Dr. Kelley Ross was gracious to answer my question about the riots. He wrote: "It occurs to me that this is Antifa’s equivalent of the Tet Offensive.  They are hoping for war."


I think that means that Kelley Ross thinks the Left is hoping to dismantle the very Constitution of the USA and impose a socialist [Communist] dictatorship.

[The Tet Offensive was that that very idea. To attack cities in South Vietnam in order to cause the South to get rid of their government and accept Communism.
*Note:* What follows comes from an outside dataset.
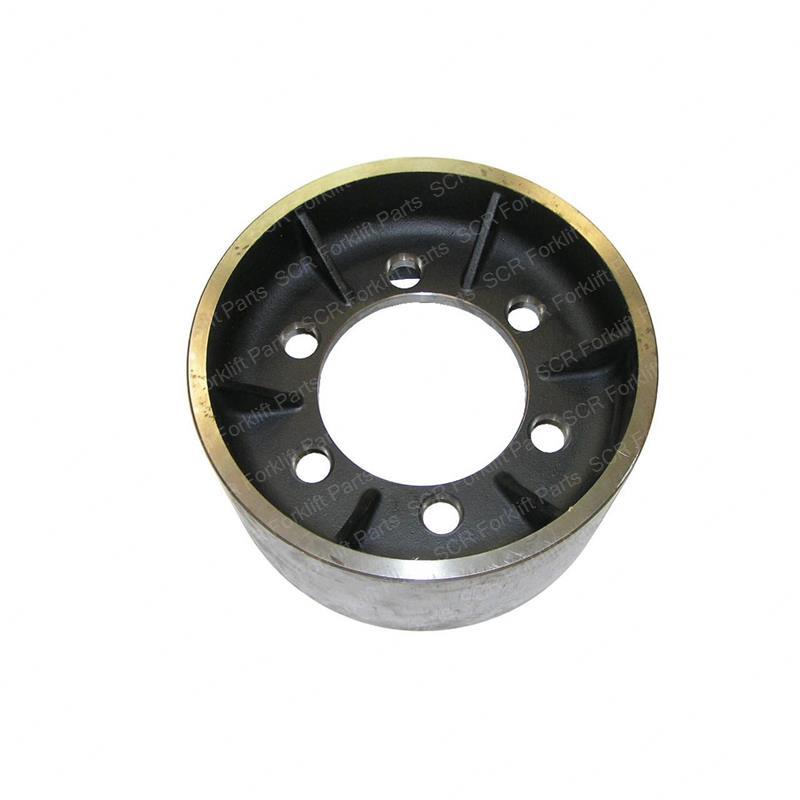 HUB - WHEEL HY0370577 hy0370577 product image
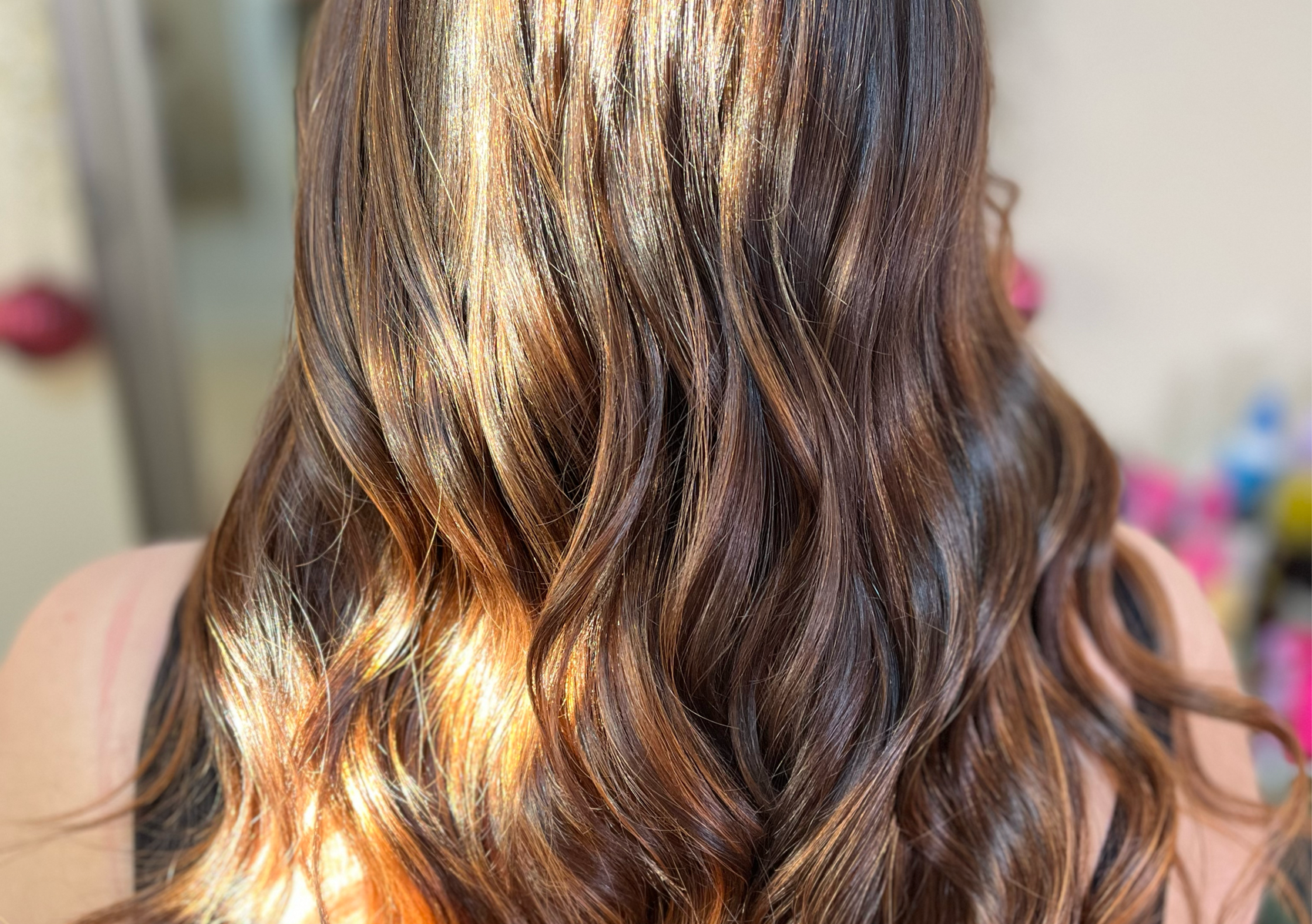 Balayage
That sounds serious to me. I thought they were simply trying to burn down American cities. To dismantle the Constitution seems like it would be the worst disaster in human history. But anyway I have been thinking that a Mad Max scenario [where civilization collapses] is very much probable except for pockets of where Western Civilization will continue and prosper.
The odd position of time and space in the Bell's inequality does seem to have a lot to do with Kant. [That space and time are just ways of measuring things. But they exist like all dinge an sich (things in themselves)-they exist but reason has no access to understand them.].] [If the electron is here then it has no value for momentum. Not zero or anything else.Not just that there is conspiracy to keep us from knowing what it is.] That is,-- you first have to get out of the idea that there is action at a distance. All Bell's inequality means is that there are two possibilities, (1) things have no values in space and time until they interact. Or (2) action at a distance. But we know action at a distance is not true because of Relativity. So we are left with things having no classical values until measured.
SEE Gellmann There is nothing non-local about Einstein Podolsky Rosen


The idea that things have no value of space or time is not so strange. In Lemaitre's article in Nature 1931 where he discusses the big bang that he predicted he says that space and time had to have begun after the first quantum had already split into many others. So there is obvious some sub-layer underneath space and time. That is clear anyway from the Aronov-Bohm effect where you see that space has already a mathematical structure.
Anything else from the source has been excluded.